Pour Samsung, qui se targuait d’être le premier constructeur majeur à proposer des smartphones pliables, c’est un coup dur. Un lancement réussi du Galaxy Fold lui aurait assuré l’image d’un champion de l’innovation. Car l’appareil est réellement révolutionnaire : au premier abord, il ressemble à un smartphone classique, quoique un peu plus robuste, avec un petit écran en façade. Mais une fois déplié, le Galaxy Fold s’apparente davantage à une minitablette, très agréable pour regarder une vidéo, ou utiliser plusieurs applications simultanément.
Huawei pourrait en profiter
Au-delà des usages, l’appareil est d’une rare complexité technique, avec l’introduction de cet écran pliant dont Samsung assurait qu’il pouvait se plier et se déplier au moins 200 000 fois sans connaître de défaillances.
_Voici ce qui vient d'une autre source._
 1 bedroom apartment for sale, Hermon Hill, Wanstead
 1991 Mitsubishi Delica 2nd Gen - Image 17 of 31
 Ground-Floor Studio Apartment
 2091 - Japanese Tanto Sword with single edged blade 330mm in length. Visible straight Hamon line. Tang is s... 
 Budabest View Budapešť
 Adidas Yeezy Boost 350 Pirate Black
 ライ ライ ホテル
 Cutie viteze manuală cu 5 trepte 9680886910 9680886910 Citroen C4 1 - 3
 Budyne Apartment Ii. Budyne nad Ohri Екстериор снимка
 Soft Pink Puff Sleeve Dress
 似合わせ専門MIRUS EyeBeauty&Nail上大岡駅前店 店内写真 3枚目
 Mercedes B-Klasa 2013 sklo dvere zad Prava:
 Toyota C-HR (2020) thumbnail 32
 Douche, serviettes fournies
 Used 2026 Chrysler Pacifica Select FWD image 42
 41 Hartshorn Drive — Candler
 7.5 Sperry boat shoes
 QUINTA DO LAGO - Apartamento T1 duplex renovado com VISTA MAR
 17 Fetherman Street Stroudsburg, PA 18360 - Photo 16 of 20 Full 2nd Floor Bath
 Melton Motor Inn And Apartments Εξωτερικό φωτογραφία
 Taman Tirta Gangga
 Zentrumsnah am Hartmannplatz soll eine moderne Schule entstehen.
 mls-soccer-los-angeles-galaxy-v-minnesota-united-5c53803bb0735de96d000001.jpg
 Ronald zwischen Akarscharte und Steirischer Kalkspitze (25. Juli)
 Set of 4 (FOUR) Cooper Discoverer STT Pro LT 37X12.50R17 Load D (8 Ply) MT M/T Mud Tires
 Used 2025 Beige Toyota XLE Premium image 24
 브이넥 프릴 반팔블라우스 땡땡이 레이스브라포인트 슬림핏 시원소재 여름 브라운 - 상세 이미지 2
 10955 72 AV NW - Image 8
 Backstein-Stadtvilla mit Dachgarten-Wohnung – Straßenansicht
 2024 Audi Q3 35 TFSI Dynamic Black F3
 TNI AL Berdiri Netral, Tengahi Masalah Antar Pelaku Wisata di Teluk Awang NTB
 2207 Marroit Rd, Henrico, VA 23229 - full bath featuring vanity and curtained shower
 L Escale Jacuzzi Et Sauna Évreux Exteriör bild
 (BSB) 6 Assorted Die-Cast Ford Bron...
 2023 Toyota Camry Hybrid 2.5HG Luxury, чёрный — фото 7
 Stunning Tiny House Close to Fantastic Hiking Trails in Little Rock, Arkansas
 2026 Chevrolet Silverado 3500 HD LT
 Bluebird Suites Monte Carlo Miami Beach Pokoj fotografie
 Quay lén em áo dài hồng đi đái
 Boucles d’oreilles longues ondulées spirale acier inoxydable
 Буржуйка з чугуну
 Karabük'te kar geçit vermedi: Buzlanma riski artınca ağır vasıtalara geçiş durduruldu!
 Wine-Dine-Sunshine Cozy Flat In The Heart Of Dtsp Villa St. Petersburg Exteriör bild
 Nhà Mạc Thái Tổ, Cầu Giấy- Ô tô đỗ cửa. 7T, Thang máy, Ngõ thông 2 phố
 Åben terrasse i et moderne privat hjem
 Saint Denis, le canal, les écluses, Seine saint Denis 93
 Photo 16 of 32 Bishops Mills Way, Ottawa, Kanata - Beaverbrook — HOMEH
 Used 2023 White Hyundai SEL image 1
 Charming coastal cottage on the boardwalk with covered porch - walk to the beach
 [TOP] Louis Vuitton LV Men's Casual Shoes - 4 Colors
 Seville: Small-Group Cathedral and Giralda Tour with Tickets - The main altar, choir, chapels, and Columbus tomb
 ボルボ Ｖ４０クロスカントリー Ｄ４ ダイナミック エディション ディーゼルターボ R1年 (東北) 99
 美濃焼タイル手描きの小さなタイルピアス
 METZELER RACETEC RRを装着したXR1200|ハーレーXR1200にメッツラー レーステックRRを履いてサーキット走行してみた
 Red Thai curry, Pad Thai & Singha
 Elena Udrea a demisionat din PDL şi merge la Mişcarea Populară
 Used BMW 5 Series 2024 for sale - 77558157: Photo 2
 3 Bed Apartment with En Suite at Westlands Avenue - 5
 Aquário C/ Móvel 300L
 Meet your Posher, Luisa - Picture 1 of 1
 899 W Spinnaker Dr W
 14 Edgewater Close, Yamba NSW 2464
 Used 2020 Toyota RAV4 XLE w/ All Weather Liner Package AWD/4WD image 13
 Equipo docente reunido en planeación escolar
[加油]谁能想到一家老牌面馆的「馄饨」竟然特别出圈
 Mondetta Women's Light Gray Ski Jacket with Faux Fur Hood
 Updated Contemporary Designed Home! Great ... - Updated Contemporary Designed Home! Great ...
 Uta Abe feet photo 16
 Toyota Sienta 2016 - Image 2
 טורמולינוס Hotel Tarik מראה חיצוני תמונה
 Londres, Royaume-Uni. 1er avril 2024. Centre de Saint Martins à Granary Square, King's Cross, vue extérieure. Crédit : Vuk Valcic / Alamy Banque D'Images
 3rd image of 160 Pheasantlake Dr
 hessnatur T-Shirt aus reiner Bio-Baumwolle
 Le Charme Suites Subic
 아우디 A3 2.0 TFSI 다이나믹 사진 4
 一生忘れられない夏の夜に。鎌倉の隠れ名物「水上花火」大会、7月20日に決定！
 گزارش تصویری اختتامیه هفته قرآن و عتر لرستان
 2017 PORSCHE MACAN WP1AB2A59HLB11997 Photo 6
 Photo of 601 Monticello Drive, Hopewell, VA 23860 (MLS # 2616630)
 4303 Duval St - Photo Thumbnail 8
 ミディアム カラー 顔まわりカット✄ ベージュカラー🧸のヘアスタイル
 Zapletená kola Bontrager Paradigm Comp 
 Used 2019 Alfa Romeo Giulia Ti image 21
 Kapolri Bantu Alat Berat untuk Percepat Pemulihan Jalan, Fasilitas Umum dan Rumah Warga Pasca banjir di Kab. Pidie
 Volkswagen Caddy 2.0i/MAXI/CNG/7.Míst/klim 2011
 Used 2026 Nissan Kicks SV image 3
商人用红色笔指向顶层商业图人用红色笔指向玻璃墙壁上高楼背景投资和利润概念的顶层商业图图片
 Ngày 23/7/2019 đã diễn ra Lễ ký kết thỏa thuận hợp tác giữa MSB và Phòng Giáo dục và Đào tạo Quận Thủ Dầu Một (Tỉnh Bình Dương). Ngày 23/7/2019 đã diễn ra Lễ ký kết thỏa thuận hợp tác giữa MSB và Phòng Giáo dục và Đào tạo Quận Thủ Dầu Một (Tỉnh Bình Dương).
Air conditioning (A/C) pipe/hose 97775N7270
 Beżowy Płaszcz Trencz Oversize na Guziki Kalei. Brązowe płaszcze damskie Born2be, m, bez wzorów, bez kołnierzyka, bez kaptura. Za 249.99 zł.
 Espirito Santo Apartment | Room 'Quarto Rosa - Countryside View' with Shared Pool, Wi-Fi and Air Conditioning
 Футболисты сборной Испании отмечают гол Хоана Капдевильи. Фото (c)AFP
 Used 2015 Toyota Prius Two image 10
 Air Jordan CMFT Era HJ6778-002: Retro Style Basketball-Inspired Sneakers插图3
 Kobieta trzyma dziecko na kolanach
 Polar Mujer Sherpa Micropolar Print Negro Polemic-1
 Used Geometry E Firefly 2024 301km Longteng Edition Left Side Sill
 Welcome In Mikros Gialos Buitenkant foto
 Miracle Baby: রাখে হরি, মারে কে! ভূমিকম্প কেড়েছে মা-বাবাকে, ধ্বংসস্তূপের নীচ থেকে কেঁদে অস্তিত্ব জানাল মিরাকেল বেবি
Même si nombre d’utilisateurs qui ont eu en main le smartphone avant son lancement en ont loué la qualité, ces quelques cas isolés de dysfonctionnement et la décision de Samsung de reporter la sortie du produit fragilisent désormais l’image du constructeur, et rappellent fatalement l’affaire du Note 7. Au moins, Samsung semble avoir tiré quelques enseignements de cet épisode catastrophique qui lui avait coûté plusieurs milliards de dollars et avait porté un coup sérieux à sa réputation. Mais la confiance du consommateur envers ce produit est immanquablement déjà altérée. Ce qui est particulièrement problématique pour un appareil dont le prix, en France, dépassera les 2 000 euros.
Ce contretemps pourrait évidemment faire le jeu des concurrents de Samsung, à commencer par son rival Huawei, qui clame son ambition de devenir, d’ici à trois ans, le premier constructeur mondial et qui doit lancer, cette année, son propre modèle de smartphone pliable, le Mate X. Plus prudent que Samsung, le chinois n’avait pas donné de date de sortie lors de la présentation de son produit au Mobile World Congress de Barcelone, en février. Plusieurs sites spécialisés spéculent, toutefois, sur une sortie avant l’été, et donc, pourquoi pas, avant Samsung.
Dans la compétition qui oppose les deux constructeurs, l’épisode qui se joue aujourd’hui n’a rien d’anodin. Thomas Husson, du cabinet Forrester, estime :
« L’enjeu n’est évidemment pas cette nouvelle catégorie de produit encore complètement niche, mais bien la capacité à innover. »
Et il ajoute : « ce type d’accident industriel peut avoir des effets dévastateurs sur la marque Samsung. » Surtout si Huawei démontre sa capacité à surmonter, de son côté, les défis des smartphones pliables.